_DATA EXTRACTS_
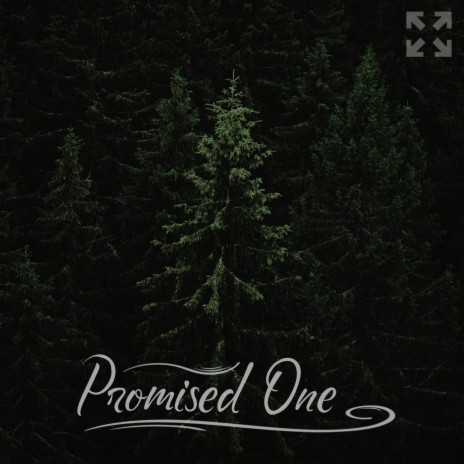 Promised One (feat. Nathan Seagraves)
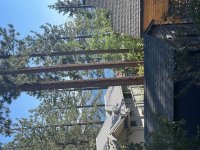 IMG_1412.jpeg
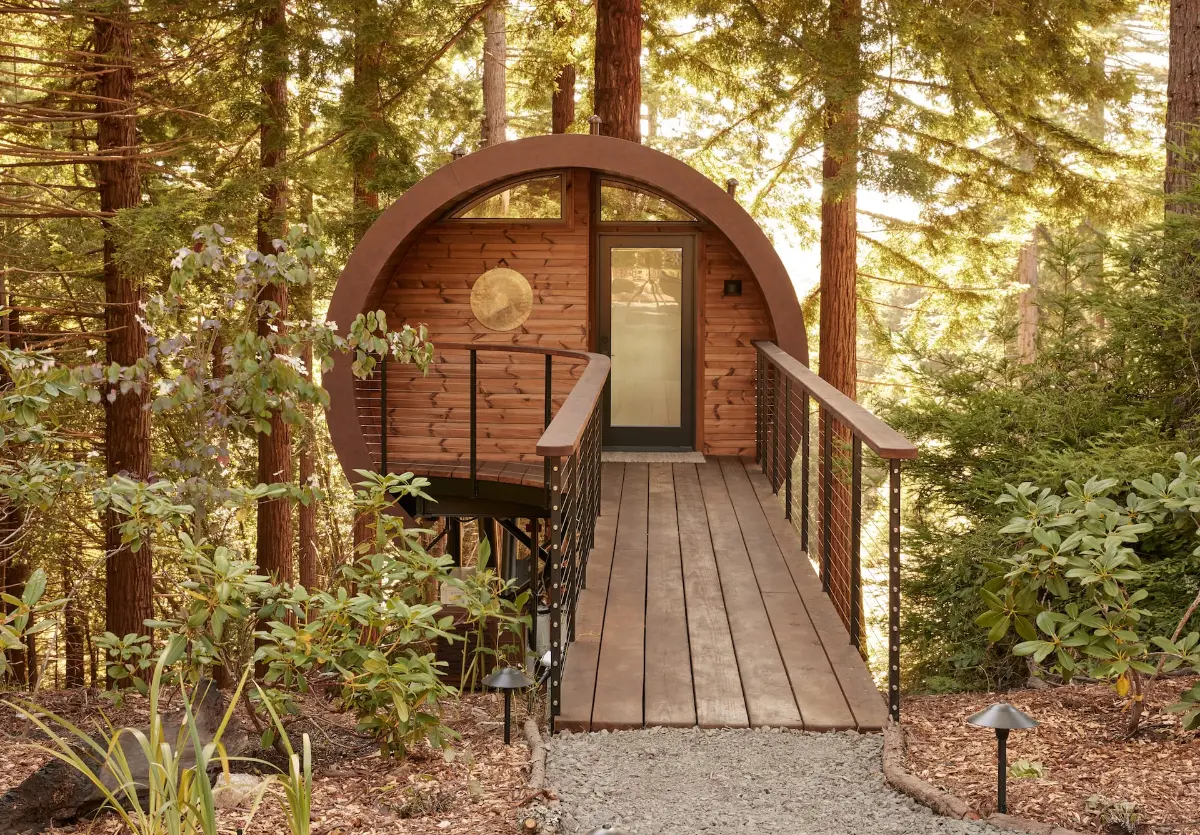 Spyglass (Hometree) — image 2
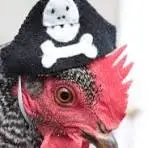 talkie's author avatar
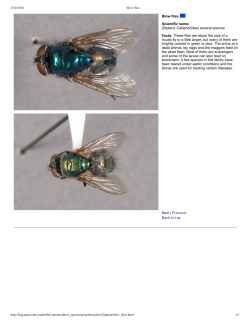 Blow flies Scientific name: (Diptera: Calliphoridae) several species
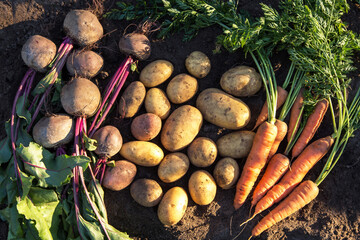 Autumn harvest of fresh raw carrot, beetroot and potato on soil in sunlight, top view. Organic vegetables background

_WORK TO BE COMPLETED_
Please restate the entries word for word. Skip the pictures.

_TASK RESULT_
 Promised One (feat. Nathan Seagraves)
 IMG_1412.jpeg
 Spyglass (Hometree) — image 2
 talkie's author avatar
 Blow flies Scientific name: (Diptera: Calliphoridae) several species
 Autumn harvest of fresh raw carrot, beetroot and potato on soil in sunlight, top view. Organic vegetables background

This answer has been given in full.